= Recorded information =
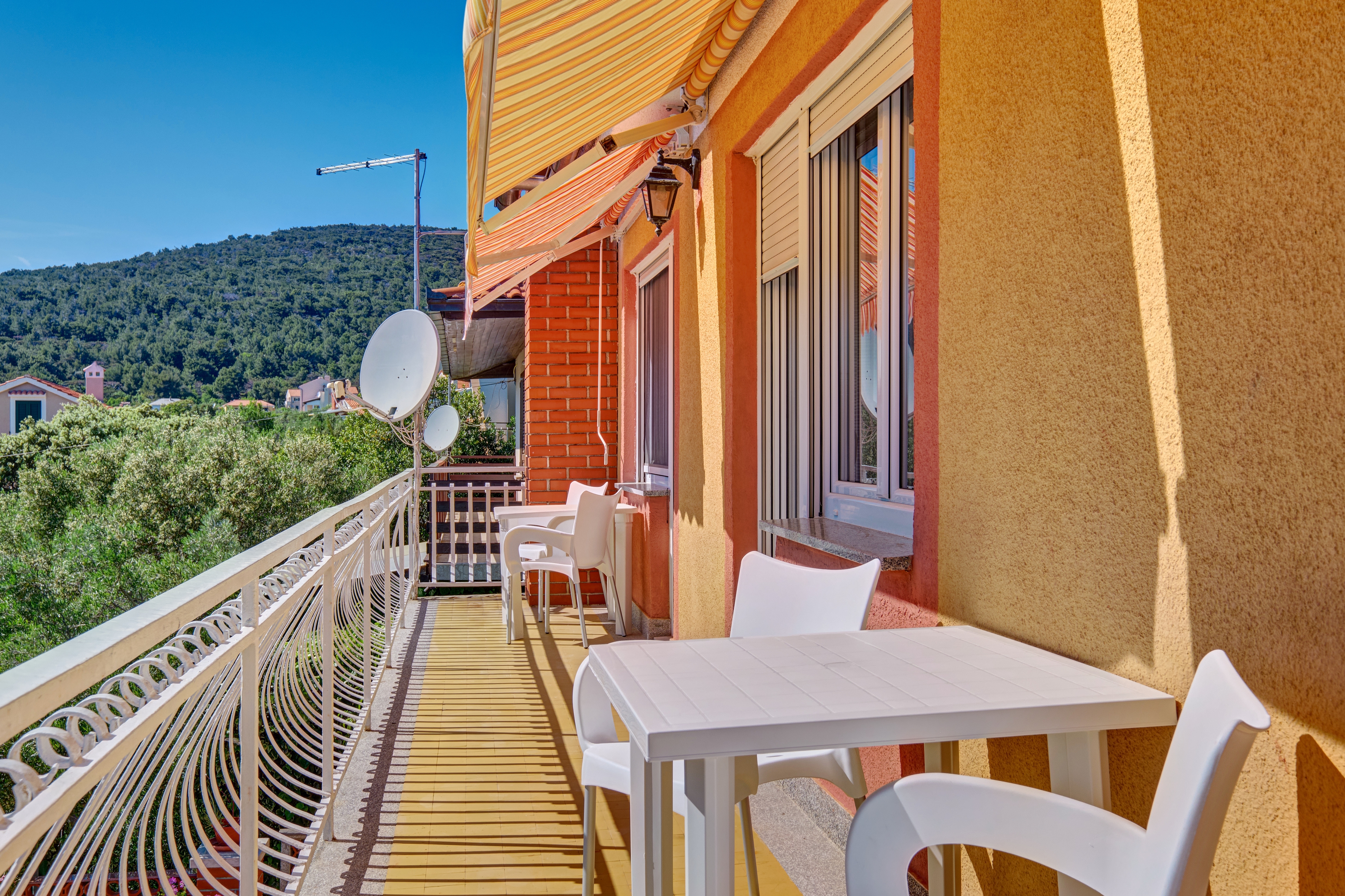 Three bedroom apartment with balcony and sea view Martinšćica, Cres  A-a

--

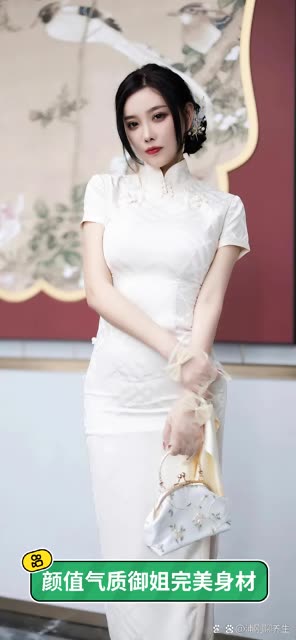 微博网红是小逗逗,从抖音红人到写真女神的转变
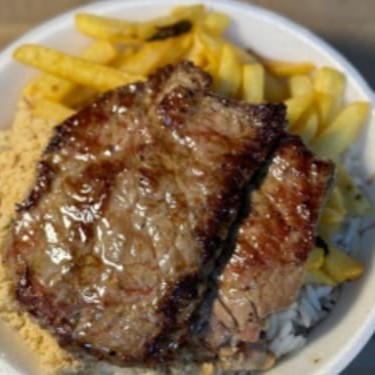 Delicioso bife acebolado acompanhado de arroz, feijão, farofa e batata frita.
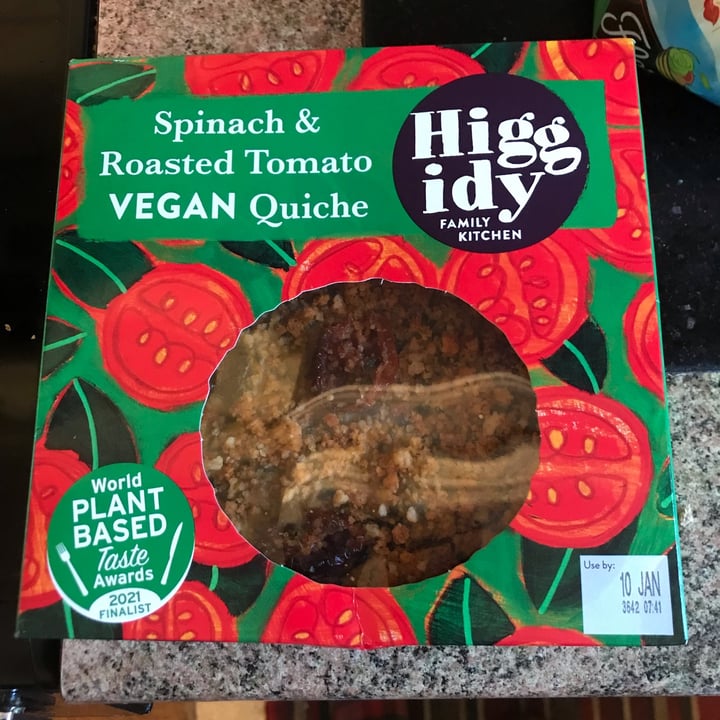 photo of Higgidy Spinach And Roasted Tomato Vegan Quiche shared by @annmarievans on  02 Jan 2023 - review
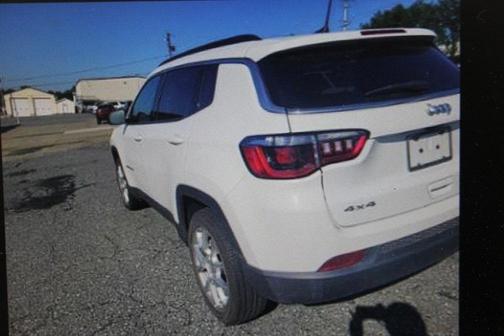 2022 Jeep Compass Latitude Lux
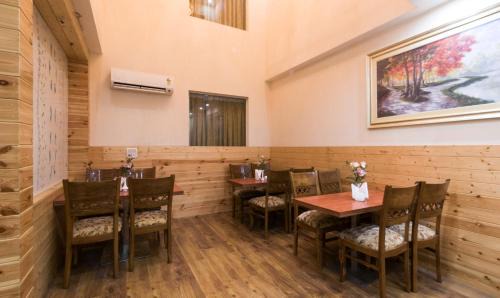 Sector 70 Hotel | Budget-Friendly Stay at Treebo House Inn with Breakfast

= Action item =
Return exactly the lines that appear in the data above between the line containing "Delicioso bife acebolado" and the line containing "Sector 70 Hotel", both of which are included, and leave the pictures out.

= Task result =
 Delicioso bife acebolado acompanhado de arroz, feijão, farofa e batata frita.
 photo of Higgidy Spinach And Roasted Tomato Vegan Quiche shared by @annmarievans on  02 Jan 2023 - review
 2022 Jeep Compass Latitude Lux
 Sector 70 Hotel | Budget-Friendly Stay at Treebo House Inn with Breakfast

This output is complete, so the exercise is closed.